For parasite intensities, hookworm was measured by egg counts in stool and catogorised as light (< 1,000 eggs per gram (epg) of stool), moderate (1,000 to 3,999 epg) and heavy infection (≥4,000 epg) [35, 38]. The intensity of malaria infection was categorised as being below ("low") or above ("high") the median parasite count, per 200 white blood cells. For microfilariae, tertiles of the number of filaria per millilitre of blood were used to categorise into low, medium and high infection intensity.

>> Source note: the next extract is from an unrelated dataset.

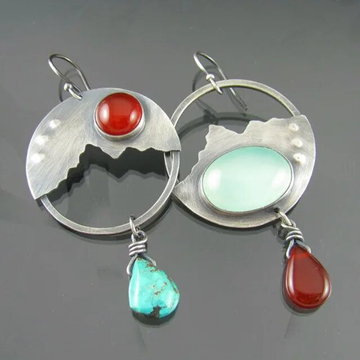 Vintage red turquoise stone earrings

Data were analysed using Stata11SE (StataCorp LP, College Station, Texas, USA). Potential associations between KSHV seropositivity and each potential risk factor were estimated using the Pearson chi-squared test or Fisher's exact test where expected numbers were small. Odds ratios (ORs) and 95% confidence intervals (CIs) were calculated using logistic regression modeling controlling for age and other possible confounders. The possibility of multiple parasite infections increasing risk of KSHV seropositivity more or less than expected under a multiplicative model was assessed by fitting terms for interactions between parasites in the logistic regression model. The agreement between K8.1 and ORF73 ELISA assays was assessed formally by calculating a Kappa statistic. All p values were 2-sided and we considered p<0.05 to be statistically significant.

Results and Discussion

The median age of women in the study was 23 years (IQR 19-27); most were in the third trimester of pregnancy (54% (1032/1915) with 46% (879/1915) in the second). The seroprevalence of HIV was 10% (193/1915) and the median CD4 count among those who were seropositive was 551 (IQR 368-796). The highest level of educational attainment reached by the majority of women was primary (50% [961/1911]), with 62% (1191/1915) describing themselves as unemployed or housewives and 82% (1561/1905) reporting a personal income of less than 30,000 Ugandan Shillings (approx. $12USD) per month. The prevalence of antibodies to K8.1 was 41% and to ORF 73 was 52%. 32% of women were seropositive to both antigens and 61% had antibodies to either ORF 73 and/or K8.1. There was moderate concordance between latent KSHV ORF 73 and lytic KSHV K8.1 assays in detecting KSHV seropositivity (k = 0.43), consistent with previous studies [37, 39]. Prevalence of antibodies did not change significantly with age, although the age range of study participants was relatively narrow. Previous studies of women in a similarly narrow age range in Africa have showed little or no association with age [27, 37, 39, 40]. As expected, prevalence decreased with increasing maternal education and household socioeconomic status [27]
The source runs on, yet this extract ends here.